A U.K. citizen living in London, the Formula One chief executive officer has visited the U.S. eight times since 2005, including trips to investigate the possibility of a racing event in New York or New Jersey and with his family to Las Vegas, he said in a court filing in Manhattan. In the U.S., he owns no property, leases no offices and employs nobody except lawyers defending him in the lawsuit, he said. Nor did any actions alleged in the lawsuit occur in the U.S., he said.
“The various events underlying the allegations in the complaint did not take place in New York or the United States, but in Europe and the Middle East,” Ecclestone said in an affidavit filed Jan. 31 in New York State Supreme Court.
Ecclestone, 82, transformed London-based F1 in three decades into the world’s most popular auto-racing series, attracting an average of 50 million TV views on a Sunday. The lawsuit by Bluewaters Communications Holdings LLC seeks $650 million for an alleged diversion of the sale of a stake in F1 to a lower bidder.
Bluewaters, a New York-based financial firm, alleged that Ecclestone paid a $44 million bribe to BayernLB director Gerhard Gribkowsky to steer to CVC the 47 percent stake previously owned by BayernLB, which kept Ecclestone on as head of F1. Bluewaters was the high bidder, willing to pay $1 billion at the time, the firm said in a Nov. 16 filing.
“We feel confident that New York is an appropriate forum, and we look forward to pressing ahead with the case,” Kent Yalowitz, a lawyer for Bluewaters at Arnold & Porter LLP, said in an e-mail.
Ecclestone said his payments, which moved from Swiss accounts to an Austrian account without assistance from New York banks as far as he knew, were unrelated to the sale to CVC. Rather, they were made to buy Gribkowsky’s silence after “insinuations” that he might tell U.K. tax authorities about certain activities of a family trust controlled by Ecclestone’s wife at the time, Ecclestone said in the filing.
“I was concerned that misinformation that he provided to the authorities might be taken seriously and might cause them to assess me to owe a tax bill of many hundreds of millions, if not billions of pounds that I believe I did not owe but which would have caused me to become bankrupt,” he said.
The Bluewaters lawsuit is related to a bribery case in Germany.

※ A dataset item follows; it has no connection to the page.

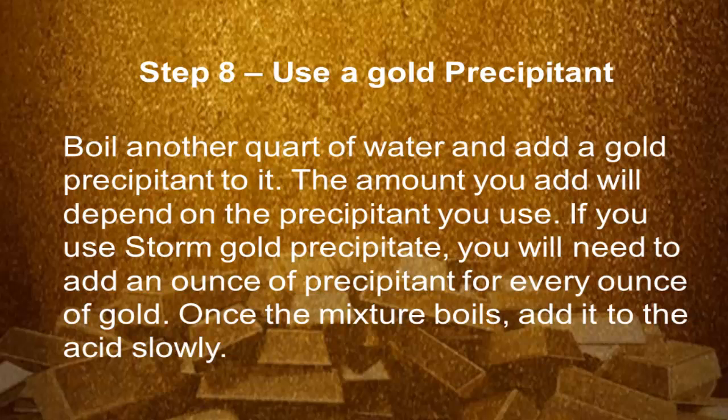Step 8: Use a gold precipitant. Boil another quart of water and add a gold precipitant to it. The amount you add will depend on the precipitant you use. If you use Storm gold precipitate, you will need to add an ounce of precipitant for every ounce of gold. Once the mixture boils, add it to the acid slowly.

Gribkowsky, who managed Munich-based BayernLB’s interest in F1 as the bank’s chief risk officer, said in court he was paid $44 million to direct the stake to London-based CVC and agreed to a sham contract under which Ecclestone received a kickback.

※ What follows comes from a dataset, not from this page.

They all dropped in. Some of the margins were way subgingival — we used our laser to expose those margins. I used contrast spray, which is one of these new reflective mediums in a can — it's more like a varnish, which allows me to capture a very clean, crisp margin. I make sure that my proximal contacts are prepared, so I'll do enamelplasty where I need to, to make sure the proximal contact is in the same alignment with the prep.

While public prosecutor Christoph Rodler said at a June trial that Ecclestone was a conspirator in the bribery, Ecclestone has said he doesn’t expect to be charged. Gribkowsky in July appealed a German court verdict sentencing him to more than eight years in prison.
In October, state-owned BayernLB sent a letter to Ecclestone’s lawyers demanding damages over the alleged bribery, Matthias Luecke, a bank spokesman, said at the time.
BayernLB acquired the F1 stake in 2002. Gribkowsky clashed with Ecclestone and sued him in London over corporate-governance rules changed to limit the lender’s influence. Ecclestone wanted to push BayernLB out and saw a chance when CVC showed interest, prosecutors have said.
The case is Bluewaters v. Ecclestone, 653965/2012, New York State Supreme Court, New York County (Manhattan).